The first time I heard about the Women in Public Service Project was when I came across an article regarding Secretary Clinton’s speech during the launch of the project in December 2011. I remember telling myself how this initiative was exactly what women needed, especially in the MENA region, to finally play the public role in which they aspire. The events of the Arab Spring unfolding in the beginning of the year strengthened my belief that there were amazing, dynamic young women who would be the future of our region. The only component missing was for these women to get together and create strong networks that would allow them to support and learn from each other. This is exactly what the WPSP summer program at Wellesley College offered to the 49 delegates. I, personally, benefitted immensely from the intensive two-week training program. The topics we dealt with were diverse, challenging, and thought provoking. The speakers were top-notch leaders in their fields and more than willing to share their experiences, thoughts, and advice with all the delegates. They all have even pledged to be our mentors for the years to come! What I am most proud of is the bond and sisterhood that all the delegates (or shall I say “sisters”) shared with each other. The WPSP has changed the course of my career, it has opened new windows of opportunities and most importantly, it has changed my mind-set. I have felt empowered to take steps that I would not have taken otherwise. I am extremely grateful to everyone who has made this experience so enriching and so inspiring.
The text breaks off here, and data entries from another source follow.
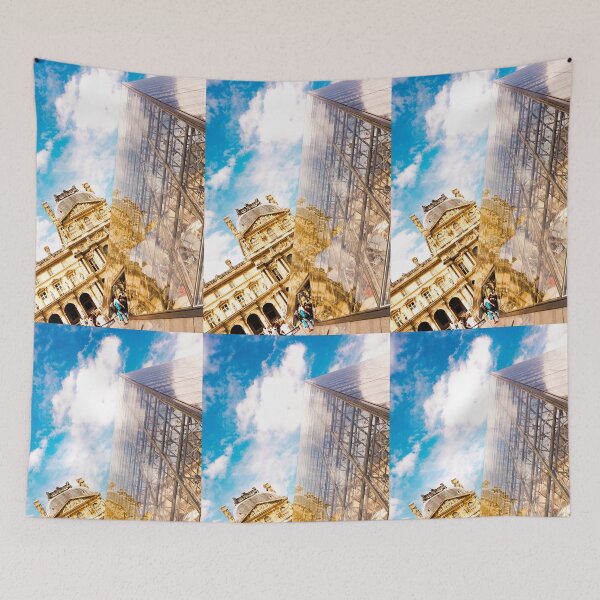 Item preview, Addicted to Paris Golden Louvre Reflection of Love designed and sold by thegraypocket.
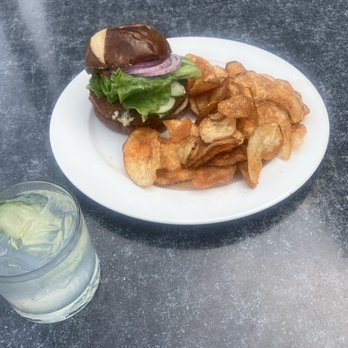 Cafe Brauer - Cucumber Garden Party And Falafel Burger - Venues & Event Spaces Near Me - Chicago, Illinois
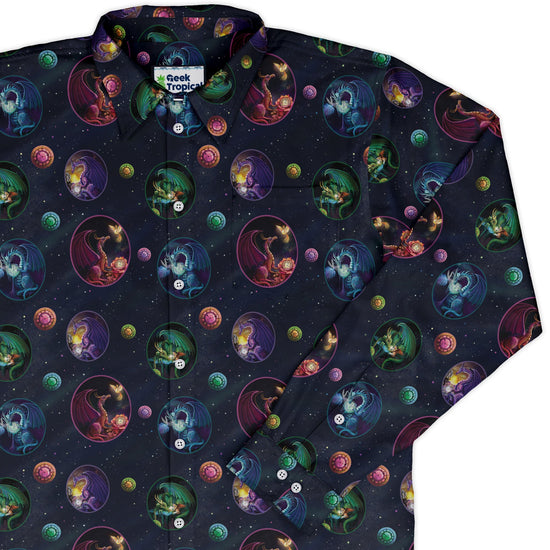 Glimpses in Dragon Time Long Sleeve Button Up Shirt 1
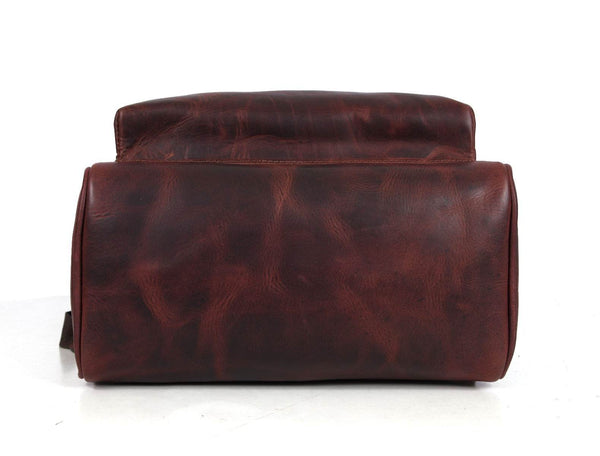 Oakland Leather Backpack - Walnut Brown - Aaron Leather Goods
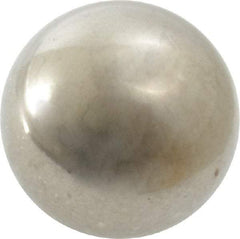Value Collection - 5/8 Inch Diameter, Grade 100, 302 Stainless Steel Ball - 25 - 39 C Hardness, 0.0001 Inch Sphericity, 0.0001 Inch Diameter Deviation - USA Tool & Supply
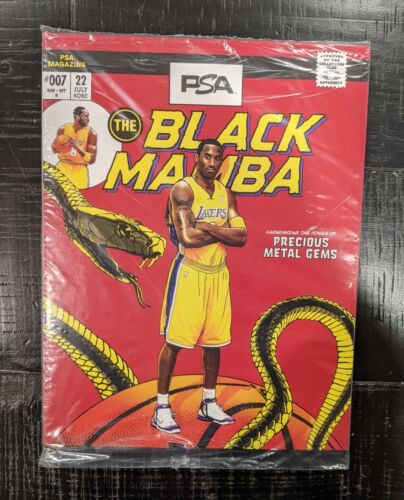 PSA Magazine Kobe Bryant Precious Metal Gems (RED) Version July 2022 SEALED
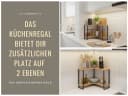 LS-LebenStil Eckregal Braun/Schwarz Holz Metall 2 Ebenen Bild 5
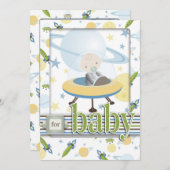 Ruimte-Baby-kaart 2 Kaart (Voorkant / Achterkant)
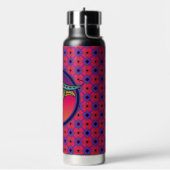 Hartenpatroon badhanddoek waterfles (Links)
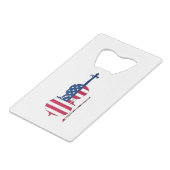Amerikaans Violin Creditkaart Flessenopener (Achterkant Gekanteld)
Since graduating from the program, I have been hired as a National Program Officer in charge of Democratic Process and Human Rights at the Swiss Development and Cooperation Agency (SDC). I have also been appointed Gender Focal-Point for all SDC activities in Morocco. As part of my civil society engagement, I am currently a Country Officer for ALWANE (Active Leaders for Women’s Advancement in the Near East) which is a coalition in all MENA countries advocating for the most pressing obstacles to women's leadership in each country and working with policy makers to enact wide-scale change. As part of this Coalition, my teammates and I have held the only celebration in Morocco of the first international day of the girl child. We have organized a roundtable discussion with the UNICEF representative in Morocco, the U.S., and Dutch cultural attachés, along with the participation of imminent civil society leaders. We have also launched an online campaign to raise awareness about the rights of the girl with an emphasis on the right to education. To get our message across, we collected donations and we spent a whole day with 100 kids (50 girls and 50 boys) in one of the most disadvantaged school in Kenitra to teach them about this day through cultural and artistic activities. Thanks to the U.S. embassy donation of books, we were able to help open the first library in this school. Last November, I was invited to speak about this initiative and the importance of education in women’s advancement at a regional summit in Amman, Jordan which brought together more than 150 men, women, and youth leaders from 16 countries across the Middle East and North Africa region.